◆ Stored data:
────────
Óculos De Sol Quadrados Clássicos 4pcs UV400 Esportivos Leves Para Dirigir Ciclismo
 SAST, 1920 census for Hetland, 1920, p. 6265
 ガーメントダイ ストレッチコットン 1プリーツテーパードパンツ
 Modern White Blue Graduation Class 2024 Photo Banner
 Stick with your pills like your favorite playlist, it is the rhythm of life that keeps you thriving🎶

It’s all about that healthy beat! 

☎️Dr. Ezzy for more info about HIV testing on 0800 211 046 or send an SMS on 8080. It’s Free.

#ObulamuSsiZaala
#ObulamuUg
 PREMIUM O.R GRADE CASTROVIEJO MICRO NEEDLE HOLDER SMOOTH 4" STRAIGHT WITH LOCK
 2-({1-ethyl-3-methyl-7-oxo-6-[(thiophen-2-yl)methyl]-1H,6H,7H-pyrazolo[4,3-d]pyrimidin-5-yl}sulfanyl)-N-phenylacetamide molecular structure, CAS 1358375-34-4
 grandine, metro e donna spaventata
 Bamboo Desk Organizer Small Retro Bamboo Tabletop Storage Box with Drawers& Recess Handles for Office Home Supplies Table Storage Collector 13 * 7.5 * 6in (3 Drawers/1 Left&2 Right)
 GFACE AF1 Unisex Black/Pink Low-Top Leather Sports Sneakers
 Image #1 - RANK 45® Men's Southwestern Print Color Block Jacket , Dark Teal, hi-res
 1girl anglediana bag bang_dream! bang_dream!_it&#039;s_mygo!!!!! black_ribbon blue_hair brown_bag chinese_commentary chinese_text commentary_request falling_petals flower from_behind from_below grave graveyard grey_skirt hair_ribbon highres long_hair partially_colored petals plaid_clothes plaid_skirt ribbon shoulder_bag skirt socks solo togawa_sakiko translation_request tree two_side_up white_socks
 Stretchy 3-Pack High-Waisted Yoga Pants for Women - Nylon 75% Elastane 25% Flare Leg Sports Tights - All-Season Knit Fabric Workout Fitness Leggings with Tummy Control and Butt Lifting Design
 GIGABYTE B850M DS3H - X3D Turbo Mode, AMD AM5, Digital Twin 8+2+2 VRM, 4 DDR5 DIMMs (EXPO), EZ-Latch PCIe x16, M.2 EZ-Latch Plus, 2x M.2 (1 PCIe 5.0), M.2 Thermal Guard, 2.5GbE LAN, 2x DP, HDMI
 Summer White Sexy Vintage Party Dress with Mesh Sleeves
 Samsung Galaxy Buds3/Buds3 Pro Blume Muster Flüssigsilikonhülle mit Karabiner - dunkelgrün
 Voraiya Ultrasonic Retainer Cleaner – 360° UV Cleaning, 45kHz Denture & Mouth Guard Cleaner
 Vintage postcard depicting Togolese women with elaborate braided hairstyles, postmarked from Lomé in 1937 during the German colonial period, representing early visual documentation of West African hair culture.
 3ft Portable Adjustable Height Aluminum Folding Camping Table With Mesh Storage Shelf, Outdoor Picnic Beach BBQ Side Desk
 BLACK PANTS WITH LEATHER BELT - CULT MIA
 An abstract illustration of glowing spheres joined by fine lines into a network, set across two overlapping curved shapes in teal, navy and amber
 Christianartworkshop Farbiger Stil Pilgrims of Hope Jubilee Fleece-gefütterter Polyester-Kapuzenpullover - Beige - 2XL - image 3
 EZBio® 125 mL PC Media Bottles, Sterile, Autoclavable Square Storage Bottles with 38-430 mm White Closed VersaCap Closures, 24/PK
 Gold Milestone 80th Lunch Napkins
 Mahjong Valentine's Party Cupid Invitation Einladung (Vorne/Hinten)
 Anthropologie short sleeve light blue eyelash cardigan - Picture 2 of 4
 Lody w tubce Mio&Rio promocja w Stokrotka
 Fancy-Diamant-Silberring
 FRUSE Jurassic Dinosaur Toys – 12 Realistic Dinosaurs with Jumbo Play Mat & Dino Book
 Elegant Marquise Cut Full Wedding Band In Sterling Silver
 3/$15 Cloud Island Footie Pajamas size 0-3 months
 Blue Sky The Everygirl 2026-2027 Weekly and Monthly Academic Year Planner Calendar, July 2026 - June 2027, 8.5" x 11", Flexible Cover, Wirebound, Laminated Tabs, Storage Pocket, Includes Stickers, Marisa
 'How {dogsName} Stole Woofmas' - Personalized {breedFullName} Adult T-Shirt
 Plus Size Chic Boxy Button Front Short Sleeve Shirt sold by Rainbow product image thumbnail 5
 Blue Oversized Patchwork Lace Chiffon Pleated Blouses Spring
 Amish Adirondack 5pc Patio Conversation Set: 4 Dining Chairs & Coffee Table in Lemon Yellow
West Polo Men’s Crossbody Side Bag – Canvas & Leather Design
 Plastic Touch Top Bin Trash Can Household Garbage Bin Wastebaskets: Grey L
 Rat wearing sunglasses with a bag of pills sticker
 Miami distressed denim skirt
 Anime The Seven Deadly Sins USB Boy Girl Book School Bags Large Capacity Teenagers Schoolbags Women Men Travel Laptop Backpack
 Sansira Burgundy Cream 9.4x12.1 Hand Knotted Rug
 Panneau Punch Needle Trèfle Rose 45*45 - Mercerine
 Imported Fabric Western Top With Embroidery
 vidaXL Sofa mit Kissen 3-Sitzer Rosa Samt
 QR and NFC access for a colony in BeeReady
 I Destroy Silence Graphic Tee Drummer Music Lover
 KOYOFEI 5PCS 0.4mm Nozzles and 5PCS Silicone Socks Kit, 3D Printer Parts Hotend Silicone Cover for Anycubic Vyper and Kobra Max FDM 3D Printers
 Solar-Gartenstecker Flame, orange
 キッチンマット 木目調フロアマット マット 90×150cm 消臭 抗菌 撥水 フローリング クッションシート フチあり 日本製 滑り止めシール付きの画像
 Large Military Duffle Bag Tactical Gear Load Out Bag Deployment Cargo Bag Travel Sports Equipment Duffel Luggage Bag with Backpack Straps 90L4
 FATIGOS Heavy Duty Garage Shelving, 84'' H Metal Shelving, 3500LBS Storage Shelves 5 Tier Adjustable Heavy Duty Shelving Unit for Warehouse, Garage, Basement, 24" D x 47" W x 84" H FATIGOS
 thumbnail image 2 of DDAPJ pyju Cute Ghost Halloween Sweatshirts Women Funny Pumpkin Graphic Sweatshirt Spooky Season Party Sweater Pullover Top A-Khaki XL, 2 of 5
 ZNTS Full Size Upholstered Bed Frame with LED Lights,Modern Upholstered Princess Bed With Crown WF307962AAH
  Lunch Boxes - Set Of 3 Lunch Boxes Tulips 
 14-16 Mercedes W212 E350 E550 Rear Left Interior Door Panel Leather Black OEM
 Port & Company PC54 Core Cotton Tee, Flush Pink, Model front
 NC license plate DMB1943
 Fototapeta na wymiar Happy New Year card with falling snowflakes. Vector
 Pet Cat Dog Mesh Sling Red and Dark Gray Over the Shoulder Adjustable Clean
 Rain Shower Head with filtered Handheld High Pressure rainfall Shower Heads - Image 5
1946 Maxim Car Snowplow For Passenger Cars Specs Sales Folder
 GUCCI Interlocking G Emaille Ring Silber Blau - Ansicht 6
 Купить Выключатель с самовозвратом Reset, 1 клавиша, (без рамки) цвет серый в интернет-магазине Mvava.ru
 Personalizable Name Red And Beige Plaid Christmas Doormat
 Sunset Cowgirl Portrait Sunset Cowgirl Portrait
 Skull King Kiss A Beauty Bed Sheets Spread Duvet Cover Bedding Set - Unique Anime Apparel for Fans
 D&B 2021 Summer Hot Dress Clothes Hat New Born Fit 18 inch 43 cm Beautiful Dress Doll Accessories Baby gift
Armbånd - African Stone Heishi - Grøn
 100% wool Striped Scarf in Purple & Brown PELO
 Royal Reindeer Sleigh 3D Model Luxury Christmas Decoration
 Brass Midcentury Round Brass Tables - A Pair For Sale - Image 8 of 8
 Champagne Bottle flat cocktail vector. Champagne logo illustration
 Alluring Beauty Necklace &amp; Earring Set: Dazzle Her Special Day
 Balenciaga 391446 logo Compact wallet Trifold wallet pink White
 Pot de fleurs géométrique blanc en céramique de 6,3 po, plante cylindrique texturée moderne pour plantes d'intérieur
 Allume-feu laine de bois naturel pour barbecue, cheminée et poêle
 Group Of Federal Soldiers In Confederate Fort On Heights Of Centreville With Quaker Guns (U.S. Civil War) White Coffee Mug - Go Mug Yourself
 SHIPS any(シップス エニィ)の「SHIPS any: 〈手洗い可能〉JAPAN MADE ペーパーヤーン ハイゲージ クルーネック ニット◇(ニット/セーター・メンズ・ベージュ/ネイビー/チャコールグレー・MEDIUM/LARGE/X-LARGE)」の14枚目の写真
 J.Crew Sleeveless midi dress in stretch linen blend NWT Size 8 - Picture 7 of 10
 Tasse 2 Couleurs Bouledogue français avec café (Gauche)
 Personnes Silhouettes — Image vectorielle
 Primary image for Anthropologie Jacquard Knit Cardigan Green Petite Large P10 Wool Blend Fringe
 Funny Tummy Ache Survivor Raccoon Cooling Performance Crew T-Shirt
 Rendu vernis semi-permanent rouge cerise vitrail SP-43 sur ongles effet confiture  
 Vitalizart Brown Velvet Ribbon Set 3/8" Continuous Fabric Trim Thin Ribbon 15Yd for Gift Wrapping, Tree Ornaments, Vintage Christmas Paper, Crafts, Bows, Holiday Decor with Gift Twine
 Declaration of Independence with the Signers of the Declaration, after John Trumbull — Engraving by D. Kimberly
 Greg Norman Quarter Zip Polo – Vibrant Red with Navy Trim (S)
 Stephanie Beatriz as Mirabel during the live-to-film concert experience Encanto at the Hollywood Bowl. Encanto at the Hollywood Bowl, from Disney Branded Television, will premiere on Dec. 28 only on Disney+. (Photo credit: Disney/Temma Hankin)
────────
◆ Task: Go through the entries above and pull out each line with "thumbnail" in it.

◆ Reply:
 Plus Size Chic Boxy Button Front Short Sleeve Shirt sold by Rainbow product image thumbnail 5
 thumbnail image 2 of DDAPJ pyju Cute Ghost Halloween Sweatshirts Women Funny Pumpkin Graphic Sweatshirt Spooky Season Party Sweater Pullover Top A-Khaki XL, 2 of 5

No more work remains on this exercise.